1 9 7 4 – 1 9 7 7 (UK)
46 x 45 minute episodes
“As regards the sign in the gents which says “Wet Paint”. This is not an instruction! “
“Furthermore, with regard to £300 missing from club funds . . . We will have a word with the Treasurer as soon as he gets back from Tenerife”
This raucous Granada comedy/variety show featured performers and audiences in a fictional northern working men’s club setting with Bernard Manning as the compere and Colin Crompton as the Chairman of the club committee, who kept order in the club with a fire bell.
Those who remember the series can still hear the bell and the gormless drawl of ‘Mr Chairman’: “we’ve had a meeting of the committee . . . The first prize in the raffle is a diving suit . . . oh no, it’s a divan suite”.

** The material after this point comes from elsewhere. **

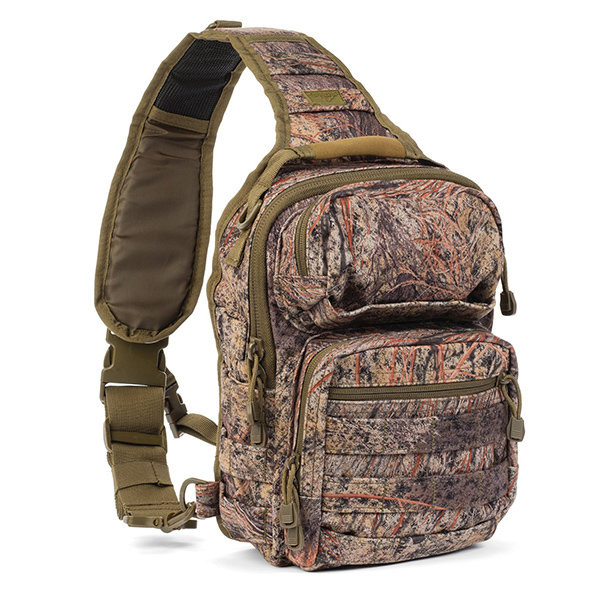 Рюкзак RED Rock Rover Sling, black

Bernard Manning’s tuxedo-clad compere and master of ceremonies had a fine line in insults. When introducing Ronnie Hilton (singer of No Other Love), Manning said: “If there’s ever a nuclear war, go to this man’s house because he hasn’t had a hit in years”.
Wheeltappers and Shunters got the mood absolutely right in an artificial setting. Granada provided an authentic reconstruction in their studios of a typical North country working men’s club.
The atmosphere was almost palpable, the illusion was perfect.
The cameras were well hidden, and the studio audience was lulled into forgetting they were on television by an absence of the procedures usual with television recordings.
The audience – usually made up of coach loads from local clubs around Lancashire – were all in the mood, as well they might be, with twelve acts per show and unlimited free beer on offer.
Each show had a big-name top-of-the-bill artist such as Matt Munro, Tessie O’Shea, The Bachelors, Julie Rogers, Terry Scott, Lonnie Donegan and Mrs Mills, with supporting acts ranging from vocalists to magicians, knife throwers to instrumentalists, contortionists to comedians, fire-eaters to “exotic dancers”.
One of the waitresses serving real beer to the studio audience was Liz Dawn – Our Vera from Coronation Street.
Bernard Manning passed away in June 2007.